Commissioner Rob Manfred flew to Arizona on Tuesday to meet with MLBPA executive director Tony Clark. Their conversation, seemingly, was productive.

“At my request, Tony Clark and I met for several hours yesterday in Phoenix,” Manfred in a statement. “We left that meeting with a jointly developed framework that we agreed could form the basis of an agreement and subject to conversations with our respective constituents. I summarized that framework numerous times in the meeting and sent Tony a written summary today. Consistent with our conversations yesterday, I am encouraging the Clubs to move forward and I trust Tony is doing the same.”

The gathering framework looks like this:

-- Opening Day should fall somewhere between July 15-20
-- The season will probably move toward 66 games or so
-- The players will receive their full prorated salaries
-- The postseason will include 16 teams this season and next
-- The universal DH will be used (and is likely here to stay)
-- Both sides agree not to file a grievance
-- The regular season ends Sept. 27
-- The expanded playoffs finish by the end of October

Why did this take so long? That’s one question. Another, and seemingly forgotten one, is should this be happening?

Baseball has skipped this question. At no point in these perpetual back-and-forths has one side questioned whether the process should be proceeding. And, the biggest detriment to a successful season -- no matter the games played -- remains the same virus which prompted all of this in the first place.


Coronavirus still hovers over the top of MLB. It’s rarely mentioned anymore, and the health protocol plans of all this have not been clarified since the original 67-page document was released, questioned and reworked a month ago.


Recent case spikes in Florida and Arizona have caused teams to rethink their spring training plans. The Houston Astros opened FITTEAM Ballpark of the Palm Beaches for individual, spaced-out, workouts May 25. Ten days later, the team announced they would hold spring training in Houston, if there were to be one. The move was a harbinger. The Nationals never reopened their side of the park for workouts despite multiple players remaining near West Palm Beach. Now, it appears most, if not all, teams will run Spring Training 2.0 in their home parks.

The rise of positive cases in several states reminds what an enormous logistical complication is still ahead. Major League Baseball is the only league attempting to criss-cross states, leaving one place with a flattened curve for one with a spike, then returning. How are elected officials who recently entered forward phases going to feel about that concept? For example: If the Nationals play their interleague games by division, along with their regular division schedule in a 66-game season, they will face a New York team 15 times (12 games against the Mets, three games against the Yankees). That’s almost a quarter of the season.

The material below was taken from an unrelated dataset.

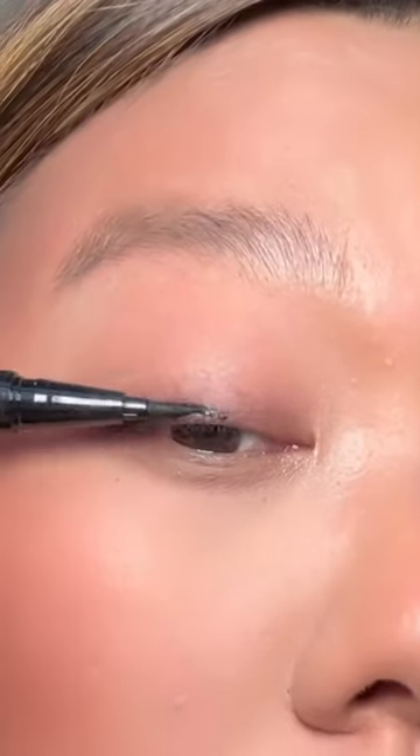Now I'm doing the puppy liner. This kind of slants down, perfect for hooded eyes. As you can see, one goes up and one slightly goes down.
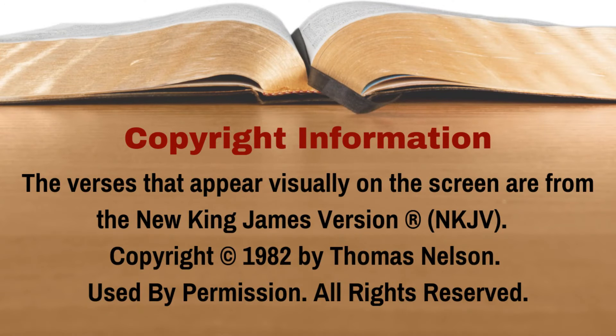If you don't have a Bible, don't worry — just follow along with us on the screen. The version that we'll be reading from is the New King James Version. Exodus 29, beginning at verse 1.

And, what happens to the cities with a spike? Do games stop there? Do the teams come to the opposing park? Can MLB pivot that fast? Those questions are not answered.

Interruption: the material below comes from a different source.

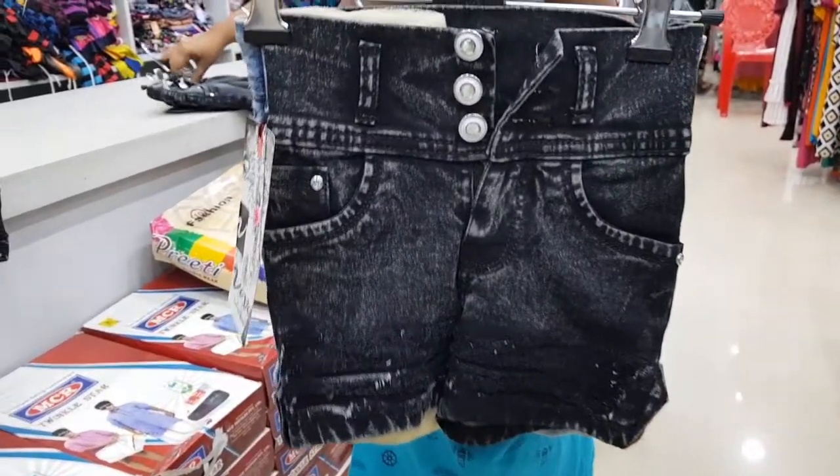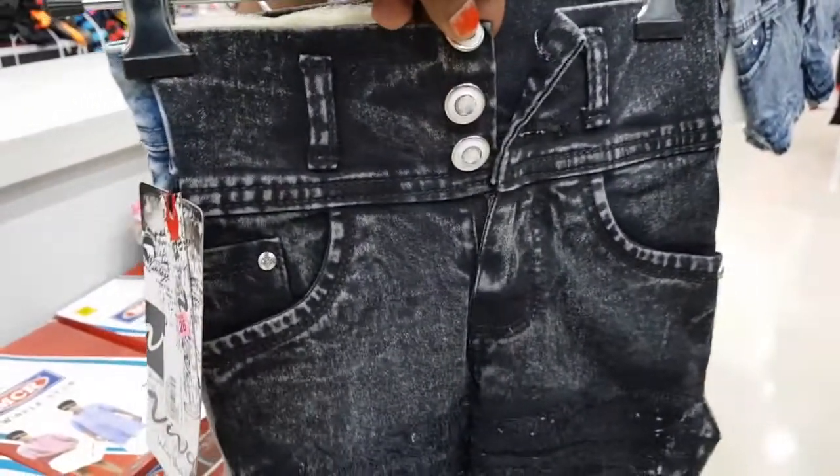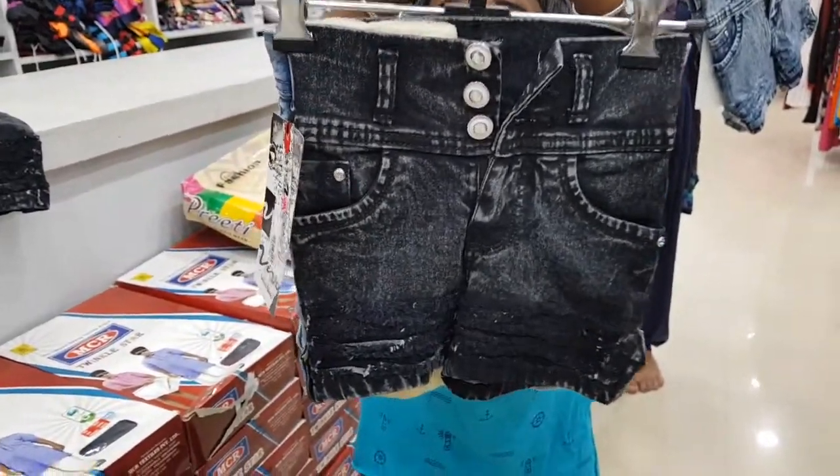This model is a high waist model. It's a scrubbed design.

Tiered protocols of who can go where, who can see players in-person and who is allowed into the stadiums will be in place. Masks will -- hopefully -- be prevalent. Between the teams, personnel and media, every game will be a gathering of at least 100 people. A 66-game season would result in 989 total games. Baseball will be on the tightrope almost every day for three months.

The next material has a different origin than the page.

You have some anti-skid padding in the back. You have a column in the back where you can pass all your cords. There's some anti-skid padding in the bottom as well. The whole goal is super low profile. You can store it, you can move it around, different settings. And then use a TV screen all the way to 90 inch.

The risk acceptance seems to be complete even if other aspects of an agreement are not. Players are demanding “when and where” from boxed-in owners. The league has never appeared to consider not playing because of the pandemic. Manfred led the self-congratulatory idea of baseball as a savior not long after it shut down. He twice guaranteed a season last week. Meanwhile, the caseloads shifted, the country protested, and the dynamics changed. None of it appears to have complicated the idea of moving forward for anyone involved.